No doubt, anything more than zero is a problem –  but the tally so far is well shy of the number cited by Nessel.

In defending the ad, Nessel spokesman Austin Fisher pointed Truth Squad to a Detroit Free Press story from this summer headlined Harmful PFAS might contaminate more than 11,000 sites statewide.”

Key word: Might. That’s a far cry from Nessel’s claims they have “tested positive.”

That number refers to as many as 11,300 fire stations, landfills, airports and other sites that may have used products laced with the chemical, according to MDEQ maps of “potential PFAS sites” described in the news story.

"Those maps were really designed to be very, very conservative — just to identify worthwhile places to look and consider," an MDEQ spokesman was quoted as saying in the Detroit Free Press story.

The ad’s other argument –  that state government has done little to nothing about PFAS –  is more nuanced but misleading.

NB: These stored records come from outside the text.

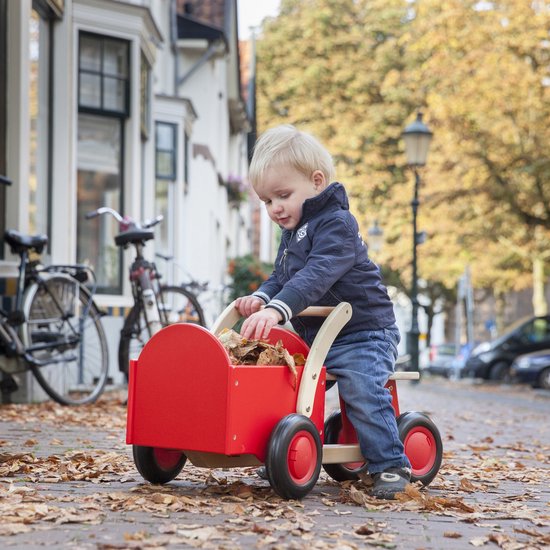 New Classic Toys Houten Bakfiets - Road Star - Rood - Zadelhoogte is 24 centimeter van New Classic Toys — afbeelding 2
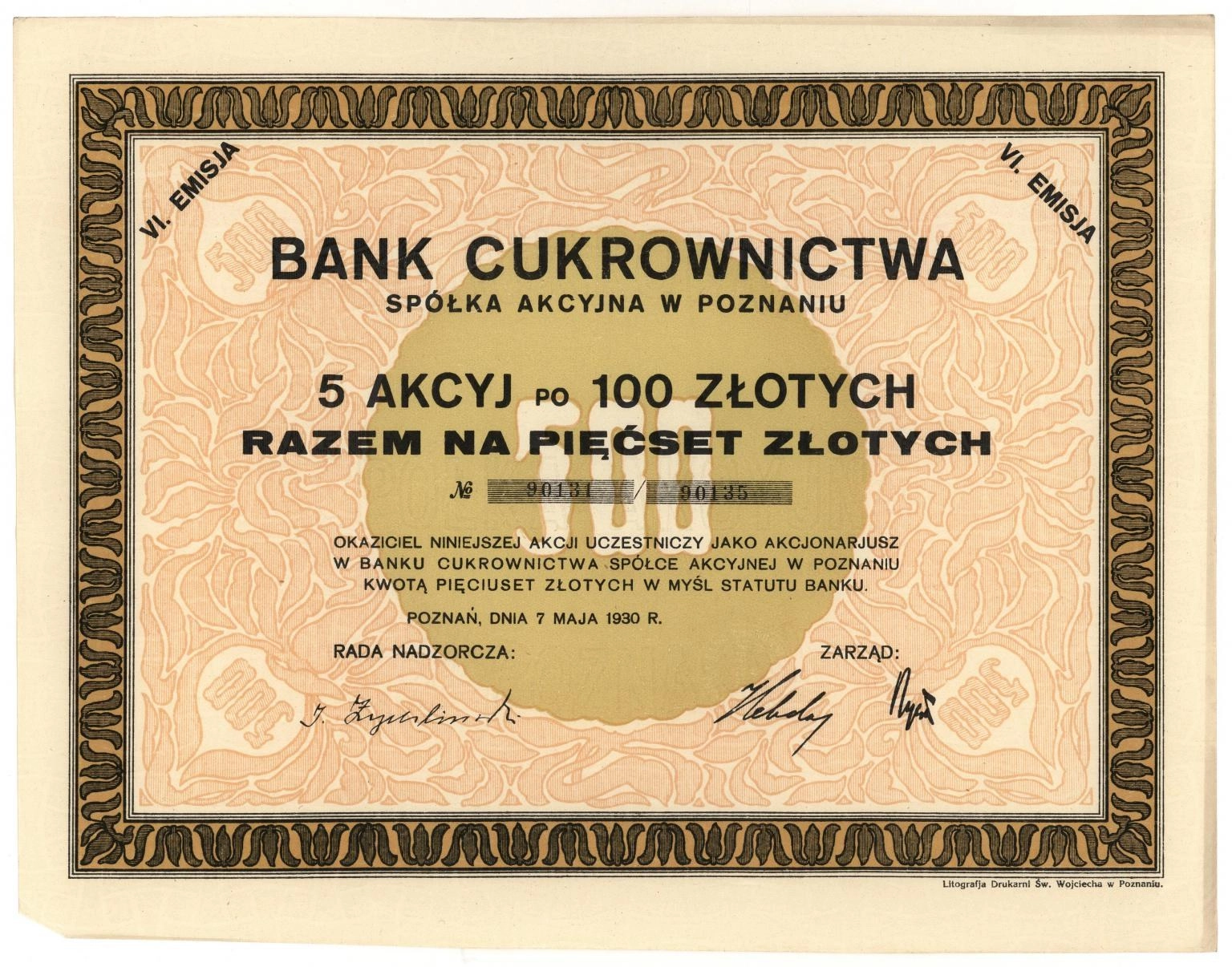 Zdjęcie akcji Bank Cukrownictwa Spółka Akcyjna w Poznaniu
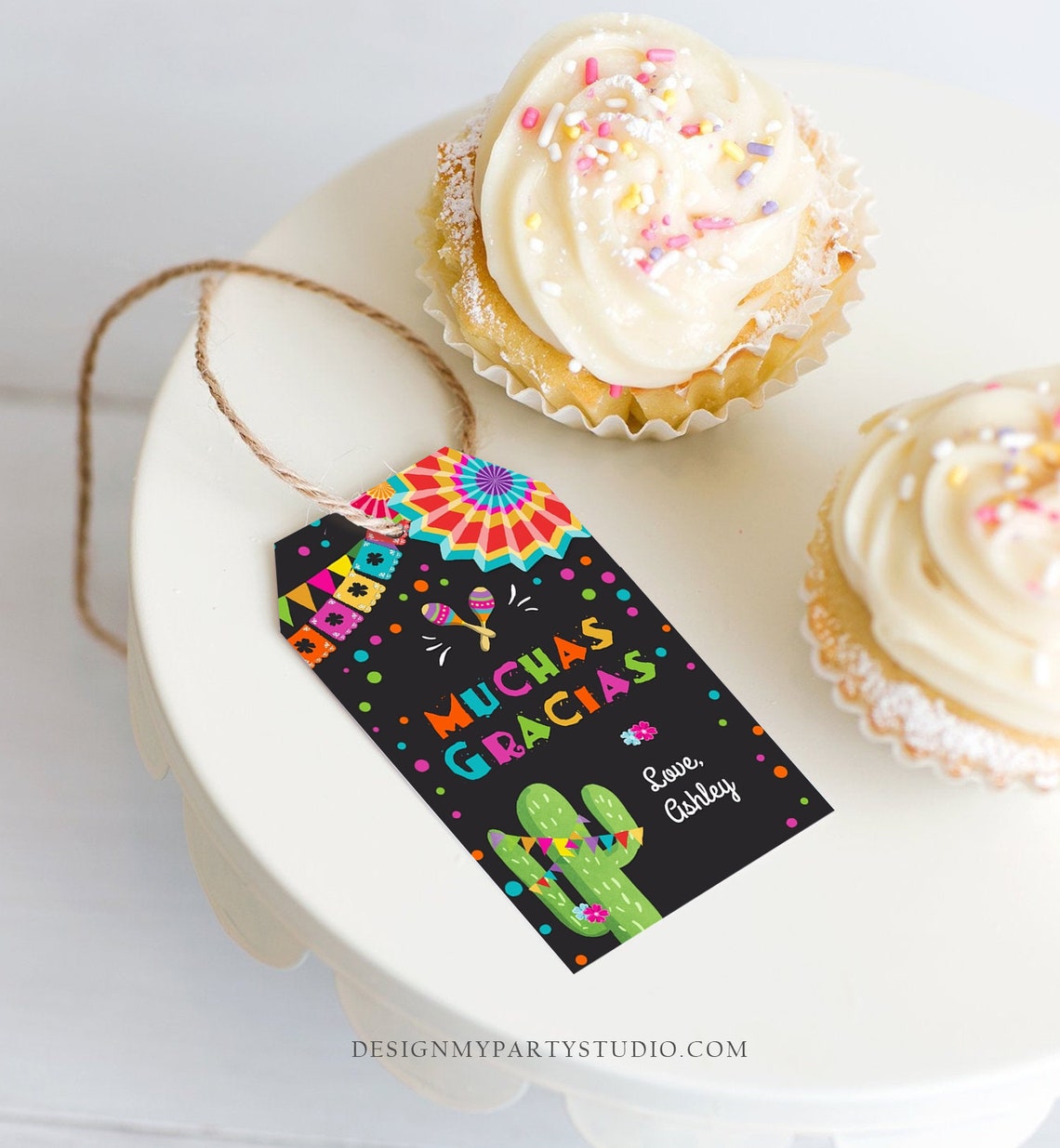 Editable Fiesta Favor Tag Fiesta Thank You Gift Tag Mexican Muchas ...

Fisher pointed to reports that a MEDQ Superfund specialist co-authored an internal report in 2012 that cited concerns about PFAS and recommended action, but was mostly ignored until 2017.

The Nessel campaign, in response to Truth Squad, scolded the Legislature for not advancing House Bill 5898 to hike fees to fund water system fixes and raise money to address PFAS and other contamination threats; and faulted Attorney General Bill Schuette for failing to sue chemical giant 3M over PFAS contamination, despite a request by Gov. Rick Snyder to do so.

Fair enough.

But the campaign neglects to mention Snyder (who Nessel accused of inaction) is aggressively promoting legislation to fund water system improvements, and Schuette’s office is preparing to sue 3M, according to a governor spokesman.

The ad’s claim that no one in state government “is willing to really do anything” omits a litany of actions on PFAS, including:

  • The statewide testing initiative;
  • The state's emergency declaration for Kalamazoo County after Parchment PFAS detection;
  • The state's lawsuit against Rockford-based Wolverine Worldwide following revelations that high levels of PFAS leached from shoemaker’s dumping sites in Kent County;
  • MDEQ’s decision to set cleanup criteria for PFAS — a legal standard allowing Michigan to take action against polluters in court.

Yes, many environmentalists and residents view state leaders’ actions as too limited and too late. That is a fair criticism and worthy of rigorous debate.

But Nessel’s reckless exaggeration of the threat and blanket claims that state leaders are doing nothing are demonstrably false and earn her ad a rating of foul.